Having worked with Dana and her team for many years and knowing the scale of the work they create, it is fitting that their studio is large. Taking a tour and seeing their process firsthand really underscored the necessity for a space so grand. The front area on the ground floor is where larger installations like their felted vines are staged, the double-height ceiling able to accommodate these large-scale, site-specific works that are abstract rope-like strands of twisted and knotted wool and other fine materials. The back area of the ground floor, with its original windows, has a large platform that feels like a low stage, where the studio works on pieces from their Retold series. For these works, the team creates small oil and acrylic paintings which are used as inspiration for abstract additions of infused wool, silk and other fibers onto vintage and antique rugs. Other pieces that are displayed on this platform invite visitors to interact with them, as one would in an immersive museum exhibit. On our visit, there were large wooden structures near the stage, where people were starting to braid together felted wool to be used in a different, more amorphous woven type of rug. Some were braided and some included appliques of crystals and metals. The top floor of the space is dedicated to the studio’s experimental projects and the various machinery used in their fabrication, including a large device for felting wool “bricks” that they are developing. What is really inspiring about the space overall is how so many artifacts from Milton Resnick and Pat Passlof remain, including tall wooden ladders still leaning against the walls and paint splatters still on the floors. It is impossible not to recognize how Dana has incorporated the history of the workspace and the art that was created there into the way she uses the space today.

Since our first project with Dana Barnes Studio, they have made several rugs for us, as well as a floor-to-ceiling sculpture for a beachside estate in Watermill and a custom bench for David’s apartment in UN Plaza that was produced using a technique they developed to make the felted wool look like marble or stone.
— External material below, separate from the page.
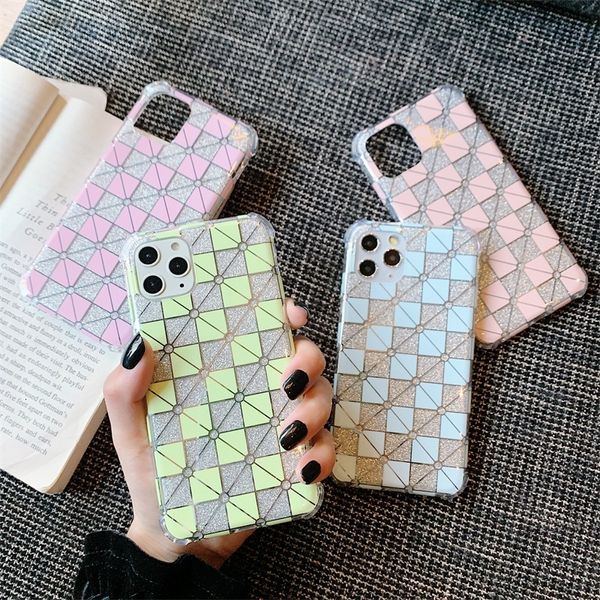 

luxuly fitted case for iphone 11 pro max case 3d lattice glitter phone cases for iphone xr xs max 7 8 7plus 8plus 6s plus x case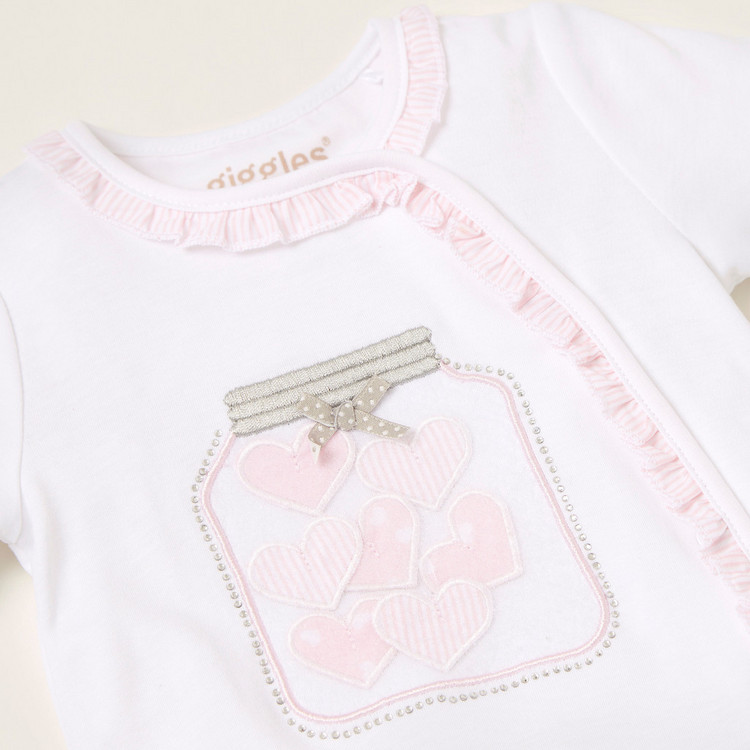 Giggles Embroidered Detail Romper with Round Neck and Short Sleeves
In addition, we’ve used their pieces in photoshoots. An interesting characteristic of Dana and her team’s work is that everything is meant to be used and loved. Their pieces look like art, but they are also meant to be walked on and experienced. This means that they need to be for the right client—a client who appreciates the unique artistry in the pieces and the special care they require. Even having never been to Dana’s impressive Forsyth Street studio prior to our recent visit, we have long been enamored with her and her team’s work and by their ability to create so many different and unexpected pieces from one material—felt. Getting an opportunity to look behind the scenes, from the earliest phases which include inspiration imagery, photographs and sketches to the development phase with maquettes and models and onto the production phase with the actual pieces allowed us to understand her work in a truly authentic way.